Secondary characters should not the
focus of your story, but they make the difference between a great
novel and a ho hum one. Shakespeare knew this when he gave us great
secondary characters like Bottom in a Midsummer Night's Dream. Bottom
isn't the focus of the story, but his antics are a welcome relief
from the tension between Oberon and Titania.
Secondary characters can add comic
relief, or give background color. They buy the reader into your story
because they make it real. Major characters even the great tragic
heroes don't live in a vacuum. Hamlet needed Polonius.
Sometimes writing a character driven
piece, the author can forget that the protagonist isn't the only
character in the world. I recently reviewed a book, Bellman and
Black by Diane Setterfield. The writing is good, but the plot is
thin, and the major character fills the story to the exclusion of
everyone else. William, the major character is a self-centered
workaholic. That's fine, but the other characters were flat. They
made their appearances, spoke their required lines and moved off
stage. I felt the lack of more complex characters made the story
shallow. I wanted at least one other character to be other than a
foil for William.
On the other hand, I'm reading Queen
Sugar by Natalie Baszile. This book is also a character study.

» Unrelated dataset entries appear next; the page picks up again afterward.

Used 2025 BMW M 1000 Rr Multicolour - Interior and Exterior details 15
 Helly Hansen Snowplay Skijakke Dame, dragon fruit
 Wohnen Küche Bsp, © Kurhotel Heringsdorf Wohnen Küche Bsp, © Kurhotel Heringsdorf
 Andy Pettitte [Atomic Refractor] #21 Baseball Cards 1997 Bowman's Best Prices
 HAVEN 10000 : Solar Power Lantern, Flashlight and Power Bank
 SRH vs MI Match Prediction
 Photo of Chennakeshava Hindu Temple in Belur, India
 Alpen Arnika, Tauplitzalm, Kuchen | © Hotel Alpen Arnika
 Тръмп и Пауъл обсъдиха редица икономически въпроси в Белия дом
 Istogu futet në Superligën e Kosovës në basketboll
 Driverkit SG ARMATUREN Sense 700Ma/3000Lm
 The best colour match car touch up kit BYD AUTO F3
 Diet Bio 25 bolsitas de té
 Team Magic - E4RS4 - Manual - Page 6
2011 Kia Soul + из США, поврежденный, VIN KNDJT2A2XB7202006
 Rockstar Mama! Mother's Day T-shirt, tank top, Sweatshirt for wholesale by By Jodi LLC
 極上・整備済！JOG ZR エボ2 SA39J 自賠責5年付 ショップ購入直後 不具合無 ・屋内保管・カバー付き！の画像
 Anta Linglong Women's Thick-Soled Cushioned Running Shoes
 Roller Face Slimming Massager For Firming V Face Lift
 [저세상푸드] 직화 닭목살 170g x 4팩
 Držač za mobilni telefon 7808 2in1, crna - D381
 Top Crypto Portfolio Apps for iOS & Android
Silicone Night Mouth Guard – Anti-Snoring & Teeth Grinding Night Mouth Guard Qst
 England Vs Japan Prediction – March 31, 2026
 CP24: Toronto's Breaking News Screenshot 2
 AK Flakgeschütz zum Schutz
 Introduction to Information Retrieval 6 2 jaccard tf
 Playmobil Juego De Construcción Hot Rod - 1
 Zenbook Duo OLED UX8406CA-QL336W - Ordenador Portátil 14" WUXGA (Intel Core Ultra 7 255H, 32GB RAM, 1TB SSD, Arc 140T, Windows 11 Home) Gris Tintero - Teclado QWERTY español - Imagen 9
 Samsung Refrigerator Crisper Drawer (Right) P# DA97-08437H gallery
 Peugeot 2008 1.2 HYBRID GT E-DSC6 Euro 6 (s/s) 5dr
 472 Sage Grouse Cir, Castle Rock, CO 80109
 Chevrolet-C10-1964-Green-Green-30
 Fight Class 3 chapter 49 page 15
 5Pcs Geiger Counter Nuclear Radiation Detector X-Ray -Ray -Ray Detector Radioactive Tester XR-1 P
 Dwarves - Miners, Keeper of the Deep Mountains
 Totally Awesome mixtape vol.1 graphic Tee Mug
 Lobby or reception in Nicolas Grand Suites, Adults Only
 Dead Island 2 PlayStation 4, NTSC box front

There's more plot, but the real difference is the secondary
characters. Charlotte, the main character has a family full of people
with individual traits that help to show us the environment in a
small southern town. Although you follow the main character, it's
always fun when one of the secondary characters like Miss Honey,
Charlotte's very determined grandmother, tries to take control of the
action.
I'm not trying to encourage you to let
the secondary characters take over, but making them real people with
identifiable traits lends fulness to your story. Also, readers can
become attached to secondary characters. One way to keep them reading
is to give glimpses of their favorite characters.
Make your secondary characters come
alive. They can make the difference between an unforgettable novel
and one your reader puts down before it's half finished.